My son appeared in the doorway decked out in his uniform and shinguards. His hair flopped in his face and asked, “Dad, who am I battling today?”
Me and my husband both laughed a little and I made a mental note to do a better job of limiting his video game time. 
He looked confused and asked another question, “It is a game right?”
My husband finally responded and said, “I don’t know Owen, I haven’t looked a the schedule yet. And this isn’t Pokemon, just ask who you are playing against.”

He was completely satisfied by this answer, however, I was not going to let a moment for complete cheesiness pass me by. I decided to impart a life lesson on my son which he absolutely did not want.
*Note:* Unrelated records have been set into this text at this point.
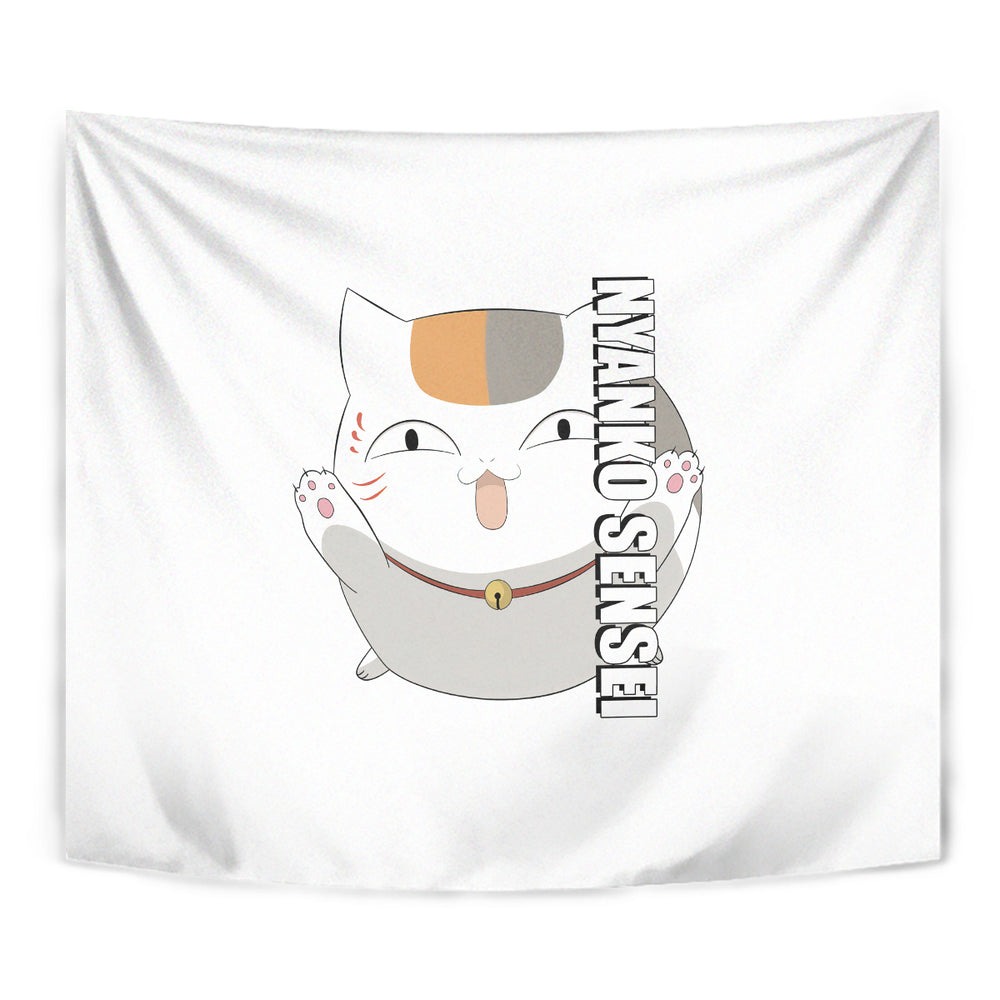 Nyanko Sensei Madara Natsume Yuujinchou Baseball Jersey Nyanko Sensei Madara Natsume Yuujinchou Baseball Jersey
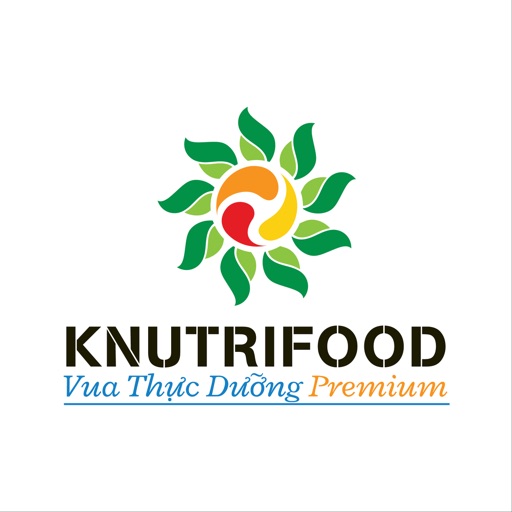 KNUTRIFOOD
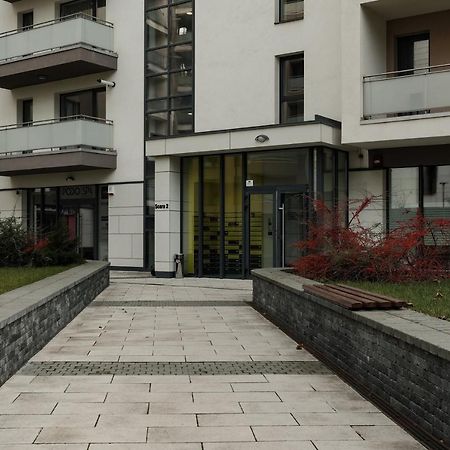 Nest Inn Stiletto Apartment Cluj-Napoca Extérieur photo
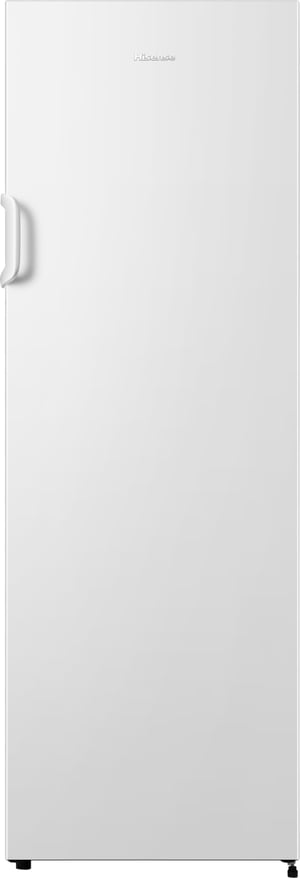 Hisense FV245N4AW2 Freistehender Gefrierschrank Freistehend 194 l Weiß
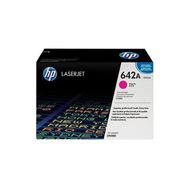HP CB403A Kırmızı Toner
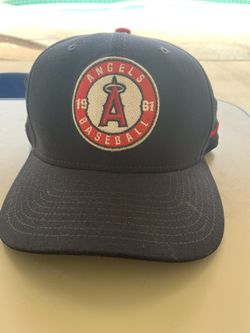 Angels Nike DriFit Size:Small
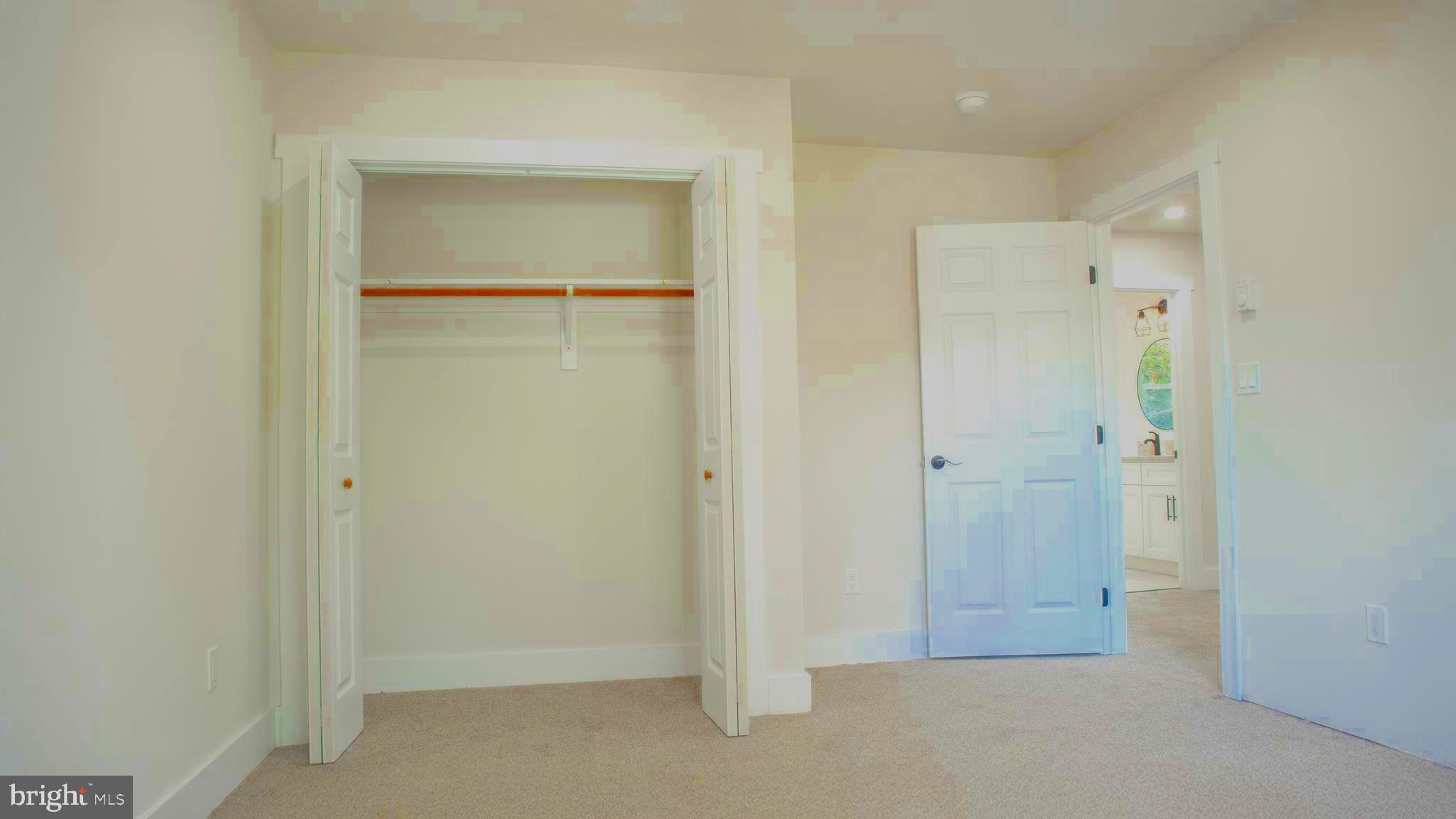 TOWAMENSING TRAIL - Residential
I told him that he was in fact battling someone today. In that really cute almost too big uniform with socks that went well over his knees.
So again he asked who?
I told him he was battling himself.
He looked at me like I was crazy, which by age nine is a look he has had a lot of time perfecting. I can not imagine what the teenage years have in store for me. I told him that regardless of what team he played against, he was trying to be better than he was the week before. He was battling to try his hardest. Play at his best. Keep going when he was tired and to get back up when he is knocked down. (Which is often). I told him that he can not always control the scoreboard, or the calls, or the opponent, but that he can always do his best to win the battle. 
Even if it means losing the game.

My son is the littlest. 
On his team. 
In his grade.
Of his friends.
He isn’t just little. He is tiny. 
Less than the 2nd percentile for height and weight.
In College Station they have a name for fans who don’t stand up at the game. Who try to leave early when the scoreboard doesn’t look promising. They call these fans two percenters.  For my son, he is a different kind of two percenter. One that I have a whole lot more respect for. The kind that has to take twice as many steps to keep up. That is much more easily knocked down. The kind of faces opponents who literally are twice his size.
That kind of two perecenter might feel like he is going into battle every game.
But I watch him game after game….get back up.
Then run over to the sideline and take a puff on his inhaler.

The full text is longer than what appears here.